The supports new educators need and deserve are well documented — meaningful orientations to their new positions; strong mentorship programs; year-long internships; modern, relevant professional development and resources — yet rarely provided. It’s no surprise then that MSDE reports that “47% of educators in Maryland who have completed one full year, but not yet two full years, of teaching have left the field by the beginning of the third full year of teaching.”
Over seven weeks this summer, MSEA hosted four early-career educators — Robin Beers, Anne Arundel County; Henoch Hailu, Montgomery County; and Kyle De Jan and Jasmine Stewart, Prince George’s County — to study the retention crisis and early career educators to help MSEA find ways to stem the tide. MSEA’s New Educators Conference on December 3 is just one result of their efforts. Their insights and recommendations will also impact MSEA’s local and state policy campaigns to support early career educators and MSEA’s own professional development strategies.

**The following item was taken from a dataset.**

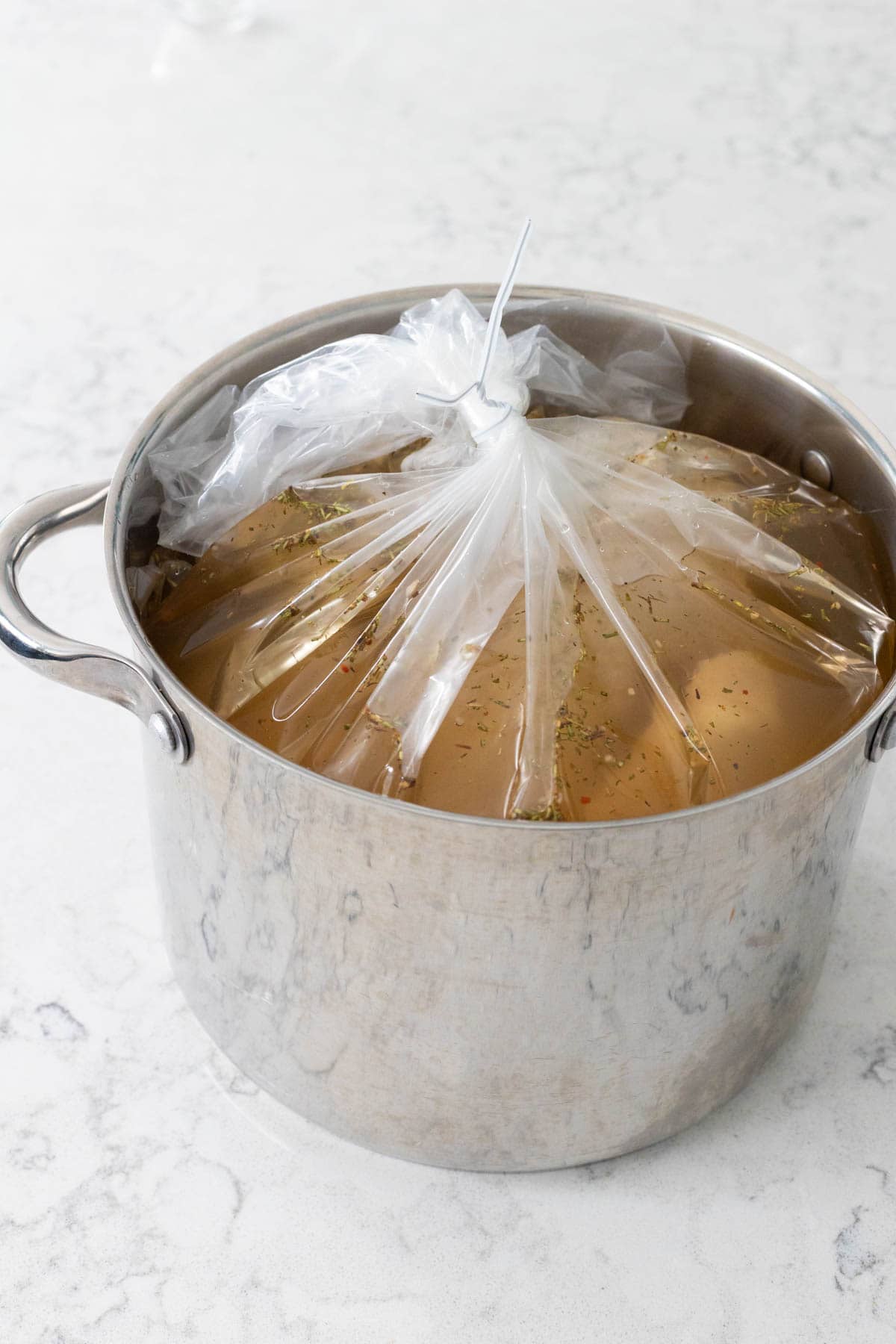 The turkey is in the brine and the brining bag has been sealed shut.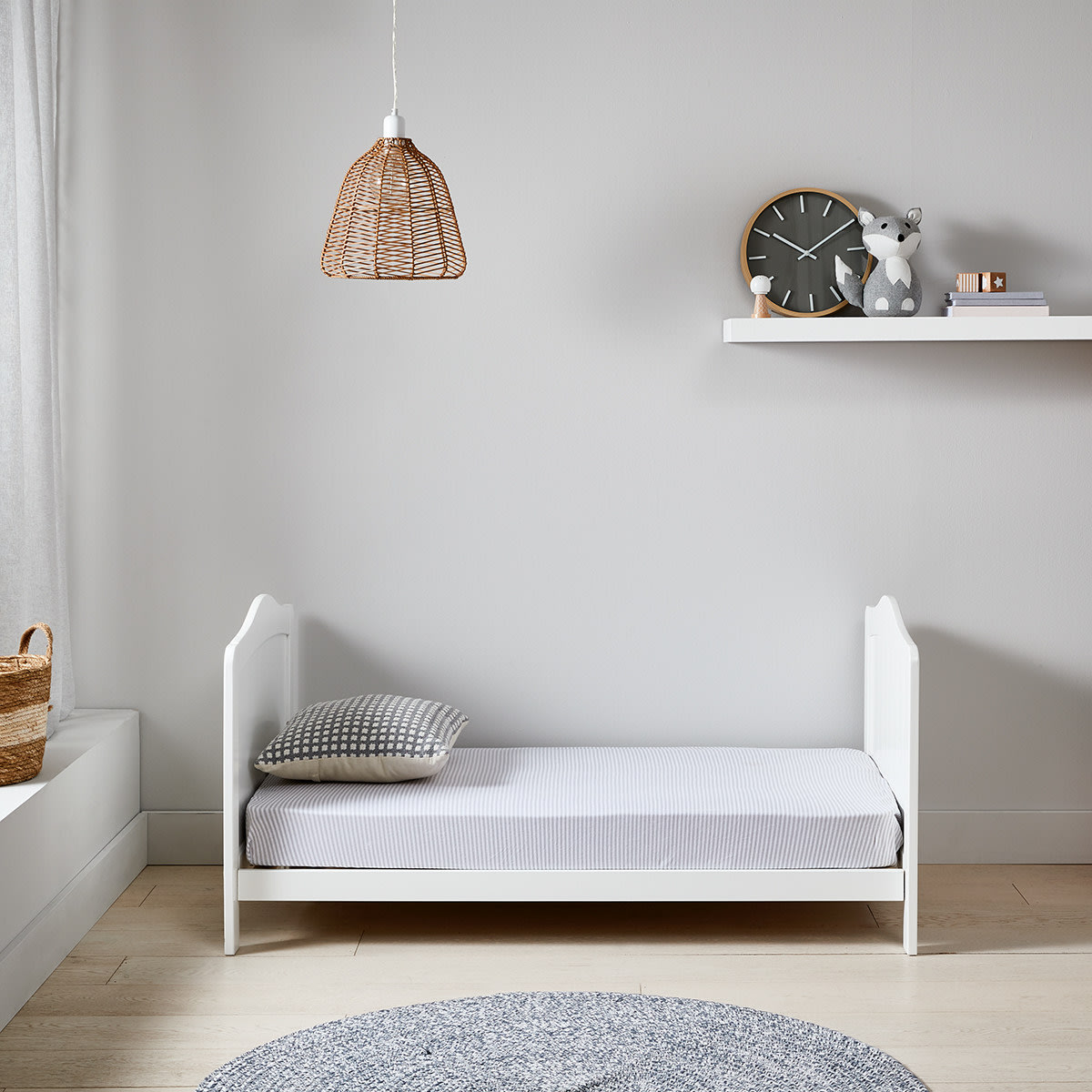 2in1 Wooden Cot White Kmart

MSEA’s partner in the New Educators Conference is the New Teacher Center (NTC), recognized as one of the nation’s most successful organizations dedicated to improving student achievement by supporting new educators. The day starts at 9:00 a.m. and includes presentations and small group discussions with guest facilitators.
MSEA wants to build a community of new educators and support them as they take charge of their careers. “We have a problem and MSEA is listening and responding,” said Stewart, a second-year teacher. “As more of us meet and share our experiences, support will grow. Joining the conference and connecting will create opportunities and make a difference.”
The NTC is focused on improving student learning by accelerating the effectiveness of teachers and school leaders. “Like MSEA, the NTC understands when we focus on teachers, students succeed,” says Lynn Kepp, senior vice president of strategic partnerships for NTC. “We are excited to be working with MSEA to help new teachers reflect on their successes and understand key strategies to help students — and themselves — thrive at a time of year when they may be feeling disillusioned.”